● What the exercise asks:
Repeat every record exactly, omitting the pictures.

╭─ Source material

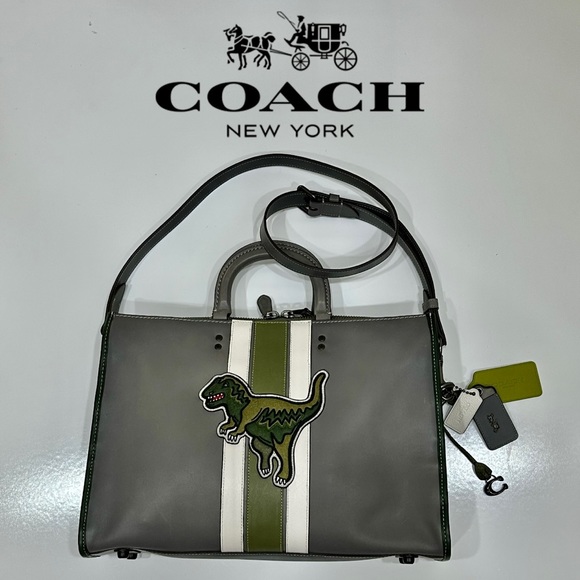 Coach Rexy Dinosaur XL Extra Large Rogue Brief Crossbody Handbag bag Patch Dino - Picture 2 of 15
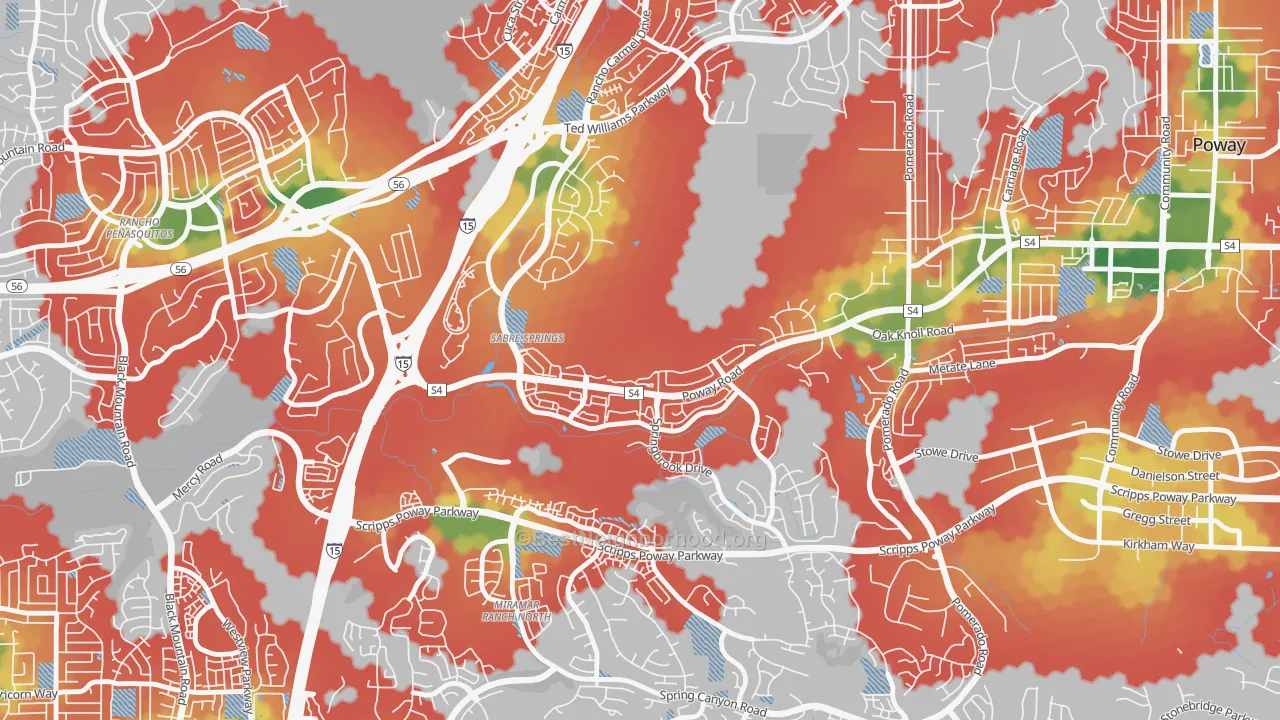 Walk Grade map of Sabre Springs, San Diego, CA, walkable areas in green and car-dependent areas in red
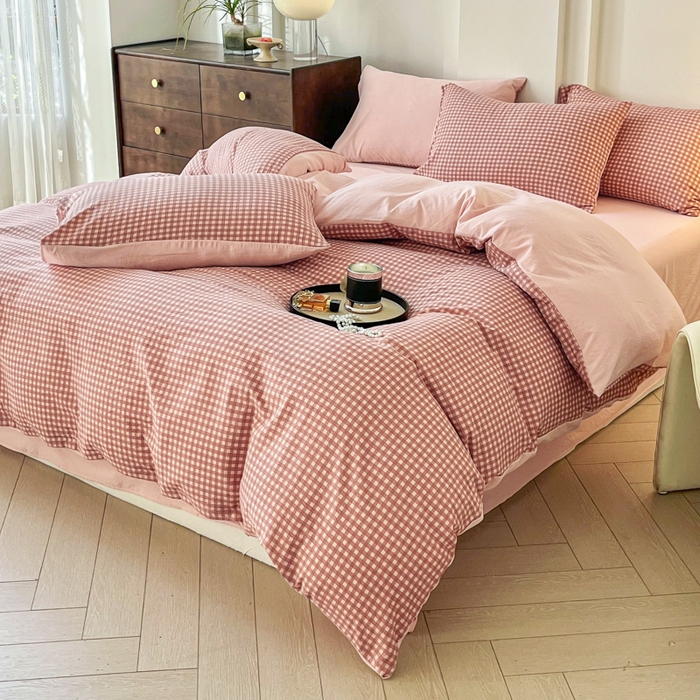 91家纺网 家纺一手货源 找家纺 （总）优米家纺 2025新款色织双层纱木棉四件套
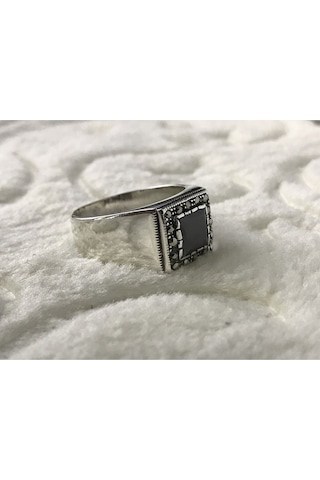 Siyah Zirkon Ve Markazit Taşlı 925 Ayar Gümüş Erkek Yüzük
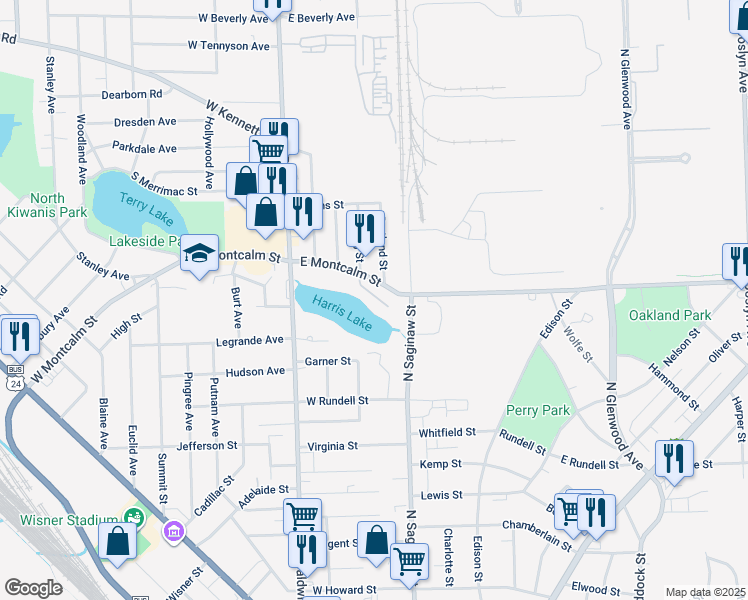 map of restaurants, bars, coffee shops, grocery stores, and more near 82 East Montcalm Street in Pontiac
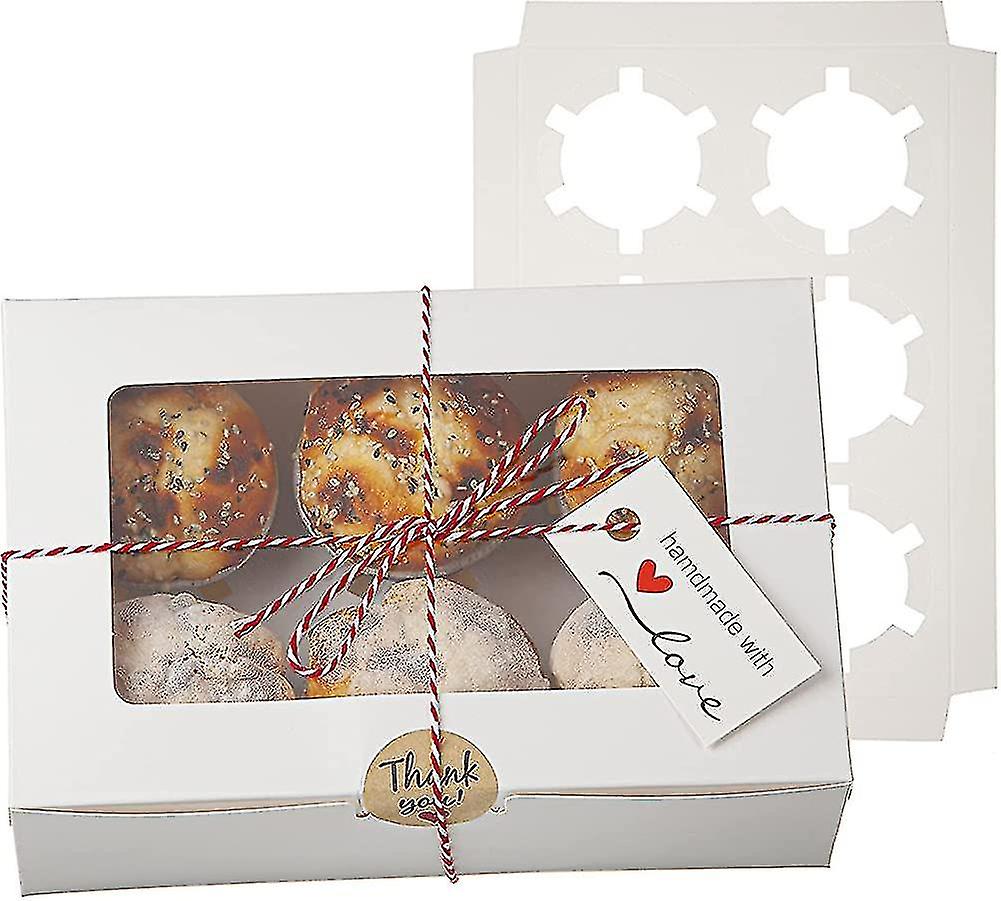 15 Sets  Cake Boxes And Rope With  Window And Inserts 6 Holders For Mini Cakes Gift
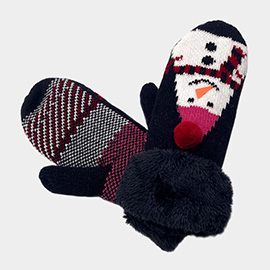 Snowman Printed Faux Fur Mitten Gloves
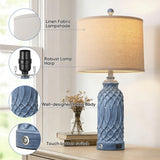 Woven Resin Table Lamps Set of 2, Farmhouse Table Lamps with USB Ports, Touch Button Switch Beside Lamps, Resin Desk Lamp, Linen Shade, Nightstand Lamp for Living Room Bedroom Decor (2 Bulbs Included)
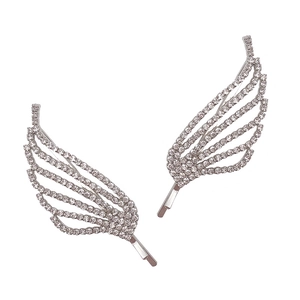 Set of two silver angel wing hairpins with sparkling rhinestones for bridal wedding styling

╰─

● Response:
 Coach Rexy Dinosaur XL Extra Large Rogue Brief Crossbody Handbag bag Patch Dino - Picture 2 of 15
 Walk Grade map of Sabre Springs, San Diego, CA, walkable areas in green and car-dependent areas in red
 91家纺网 家纺一手货源 找家纺 （总）优米家纺 2025新款色织双层纱木棉四件套
 Siyah Zirkon Ve Markazit Taşlı 925 Ayar Gümüş Erkek Yüzük
 map of restaurants, bars, coffee shops, grocery stores, and more near 82 East Montcalm Street in Pontiac
 15 Sets  Cake Boxes And Rope With  Window And Inserts 6 Holders For Mini Cakes Gift
 Snowman Printed Faux Fur Mitten Gloves
 Woven Resin Table Lamps Set of 2, Farmhouse Table Lamps with USB Ports, Touch Button Switch Beside Lamps, Resin Desk Lamp, Linen Shade, Nightstand Lamp for Living Room Bedroom Decor (2 Bulbs Included)
 Set of two silver angel wing hairpins with sparkling rhinestones for bridal wedding styling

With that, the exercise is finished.